In de N-VA-representatie is de ‘andere’ die Vlaanderen bedreigt de PS en, bij uitbreiding, een door de PS-gedomineerd Wallonië. Dat krijgt negatieve eigenschappen toebedeeld als mismanagement, gebrek aan verantwoordelijkheidszin, spilzucht, bureaucratie, immobilisme . Met de machtsgreep van de PS op de federale regering, zo klinkt het, heeft deze Waals-socialistische gangreen ook het federale België kapot gewoekerd. Daarmee wordt nog een extra ‘andere’ in leven geroepen: de Vlaamse partijen die een coalitie aangingen met de PS en die geduid worden als in hetzelfde bedje ziek. Geen toeval dat dit laatste aanleiding geeft tot buitengewoon bitsige verwijten van N-VA aan het adres van Open-VLD en vice versa. Sigmund Freud verklaarde dit als ‘het narcisme van het kleinste verschil’: je zet je het hardst af van degene die het meest op je lijkt. Een beetje zoals Beerschot versus Antwerp. Dit discours over de ‘andere’ bespaart de N-VA veel uitleg over de eigen voorstellen want haar ‘model’ kan rechtstreeks afgeleid worden uit de negatie van het PS-model. De N-VA wil de kiezer dus duidelijk maken dat ze staat voor verantwoordelijkheidszin, rigiditeit, goed bestuur, efficiëntie en dynamisme waardoor ‘we’ opnieuw de concurrentie zullen kunnen aangaan met de ‘ons’ omringende landen. Het is een vertoog dat de N-VA in staat stelt moeilijkheden, twijfels en tegenstrijdigheden naar de achtergrond te drukken. De grootste tegenstrijdigheid daarbij is deze: hoe zeg je dat jij alleen het goed voor hebt met je Vlaamse volk terwijl je sociaaleconomische voorstellen een regelrechte ramkraak vormen op de portemonnee van de overgrote meerderheid van deze Vlaamse loontrekkenden en uitkeringsgerechtigden?
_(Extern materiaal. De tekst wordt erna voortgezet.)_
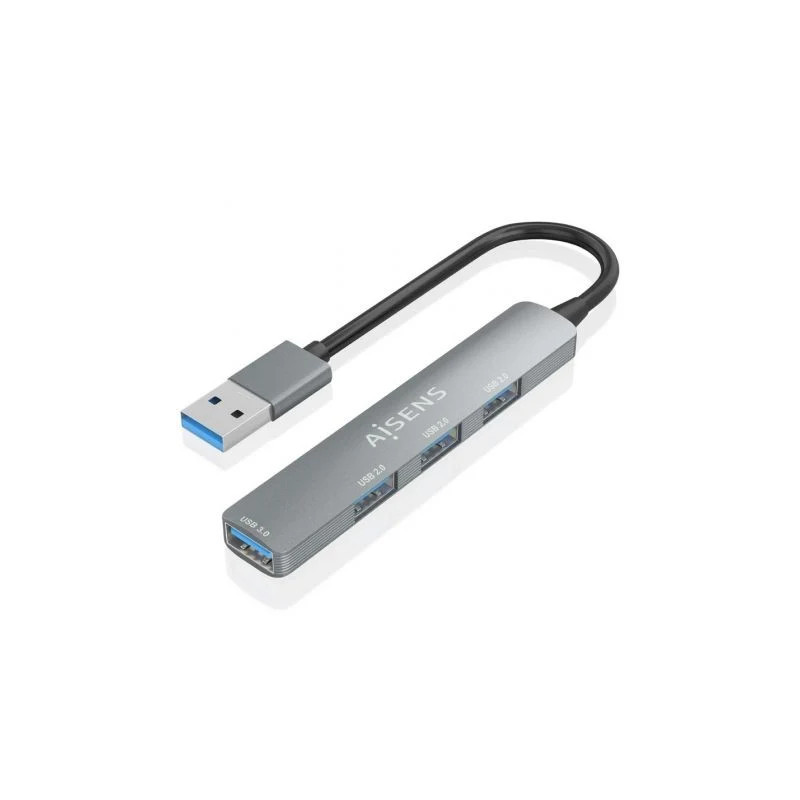 Hub USB 3.0 Aisens A106-0859/ 4xUSB/ Gris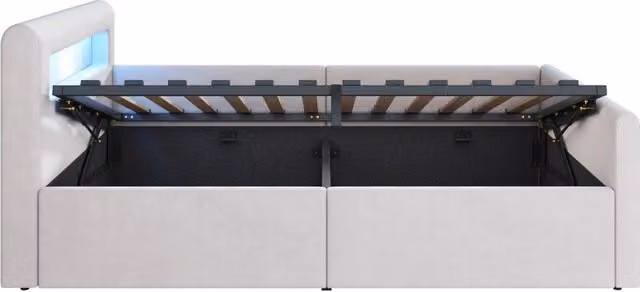 Letto singolo imbottito per bambini 90x200 cm con luce LED, luce notturna, porta USB, ripiani e contenitore idraulico, tessuto in velluto beige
De homogenisering van de ‘andere’ en van je eigen ‘kamp’ moet de kiezer doen geloven dat het N-VA-pakket bestaat uit gewone, redelijke,  normale waarden en voorstellen, ingegeven door het veel geciteerde ‘gezond verstand’. De ‘andere’ wordt hierdoor geabnormaliseerd: hij stelt ongewone, zotte, gevaarlijke zaken voor; is irrationeel en dus in hoge mate onbetrouwbaar. Dat geldt bij uitbreiding ook voor wie in het ‘Vlaamse kamp’ kritisch staat tegenover dit dominante vertoog.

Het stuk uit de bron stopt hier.